2024, iklim değişikliği konusunda nasıl bir yıl olacak, dünya nelerle karşılaşacak? Al Ain Türkçe Özel
Sıcaklık rekorunun kırıldığı 2023’ün sonlanmasıyla birlikte 2024’te dünyamızı nelerin beklediği konusu merak edilmeye başlandı. Bazı uzmanlar sıcaklık rekorunun 2024’te de üst seviyede tekrarlanabileceği belirtirken kayda değer gelişmeler yaşandığı da aşi
2023, iklim krizinin etkilerini oldukça sert şekilde gördüğümüz bir yıl oldu.
İklim krizi her alanda dünyayı etkilemeye devam ederken küresel sağlık kuruluşları, insan kaynaklı iklim krizinin halk sağlığı için büyük bir tehdit olduğunu ilan etti.
2023’ü iklim krizi kaynaklı yangın, sel, taşkın ve kuraklık gibi afetlerle geçirdik ancak birçok dünya devletiyle gerçekleştirilen COP28 gibi konferanslar da sık sık gündeme geldi.
İklim krizinin etkilerini sert bir şekilde görmek insanları ve uzmanları ona karşı önlem almaya teşvik etti.
2024’TE NELER BEKLENİYOR?
İklim Kliniği Bilim Kurulu Üyesi Prof. Dr. Levent Kurnaz, 2023 yılında kırılan sıcaklık rekorunun, 2024 yılında üst seviyede tekrarlanabileceğini belirtti.
Kurnaz Daha önce yaşanan en yüksek sıcaklık ise 24 Temmuz 2022 ve 13 Ağustos 2016’da ölçülen 16,92℃ idi. Ancak unutmayalım, el Nino, yani sıcaklıkların ortalama artışın da üzerine çıkacağı dönemi henüz görmeye başlamadık, yalnız o etkiyi yavaş yavaş görmeye başladığımızda bu rekor sıcaklıklar artarak devam edecek. Daha şimdiden 2024 yılının tarihteki en sıcak sene olabileceğini söylemek mümkün” dedi.
Prof. Dr. Emine Didem Evci Kiraz ise, UVR ışınlarının başta göz olmak üzere vücudun birçok bölgesini etkileyebilecek kanser çeşitlerini artırabileceğini söyledi.
COP28 GİBİ KONFERANSLAR UMUDU ARTIRIYOR
Ancak diğer yandan 2024, iklim krizine karşı alınacak önlemler sebebiyle umutlu olacağımız bir yıl.

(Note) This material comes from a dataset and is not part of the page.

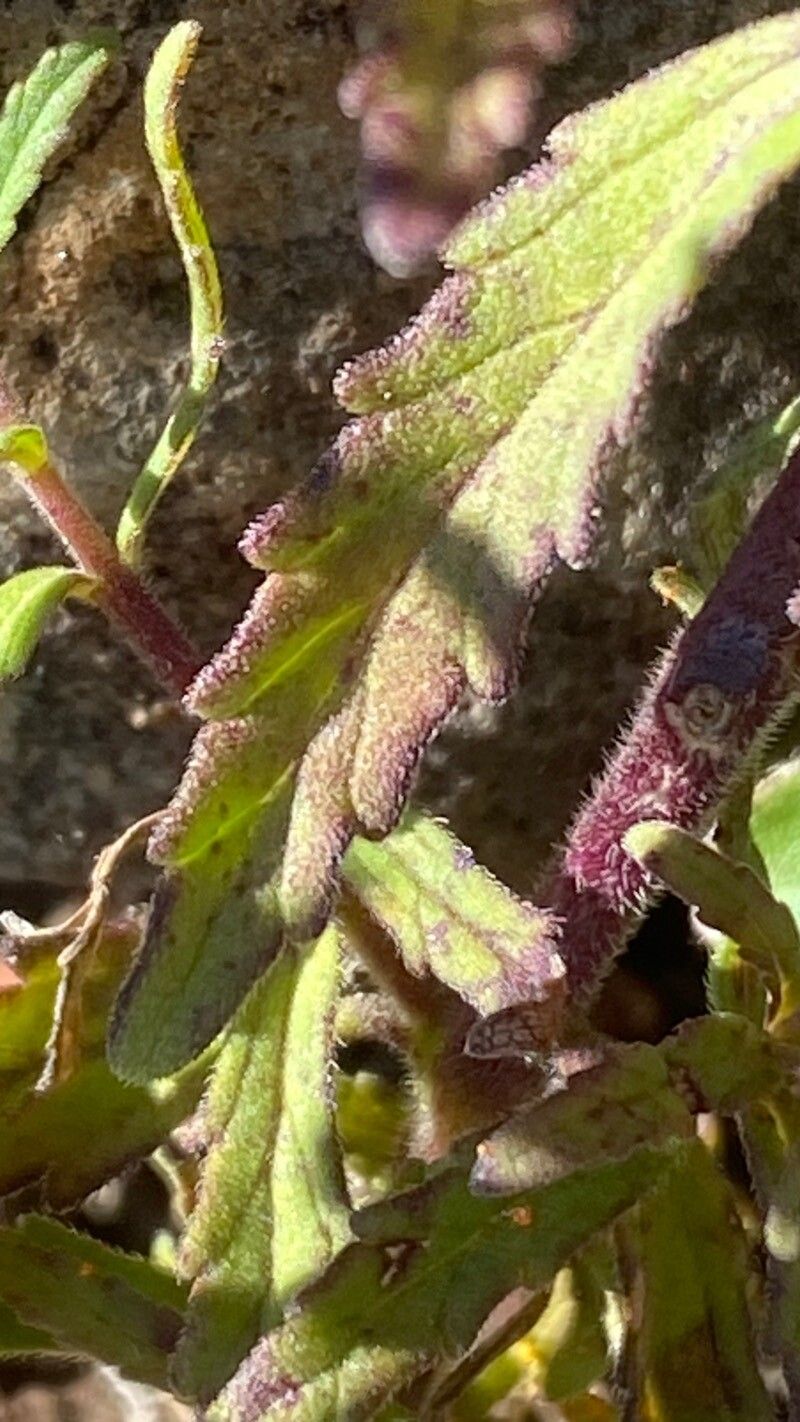 Odontites hollianus — houseplant care guide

Çünkü on yıl önce, toplumun yalnızca bir kısmı iklim değişikliğinin anlamlı bir şekilde farkındaydı ve bu konuda endişe duyuyordu. Bu durum, son yıllarda büyük bir değişime uğradı. 2014 yılında BBC’nin dünya çapında 17 ülkeyi kapsayan bir araştırması, ankete katılanların yüzde 40’ının iklim değişikliğini ciddi bir sorun olarak algıladığını gösterdi. 2020 yılında bu sayı yüzde 60’a yükseldi.
Doğu Avrupa ve Orta Asya’da ankete katılanların yüzde 85’i iklim değişikliğini küresel bir acil durum olarak değerlendirdi. Batı Avrupalıların ve Kuzey Amerikalıların yüzde 72’si, Arap ülkelerindeki insanların yüzde 64’ü, Latin Amerika, Karayipler ve Asya Pasifik‘tekilerin yüzde 63’ü ve Sahra Altı Afrika’dakilerin yüzde 61’i bu görüşe katıldı.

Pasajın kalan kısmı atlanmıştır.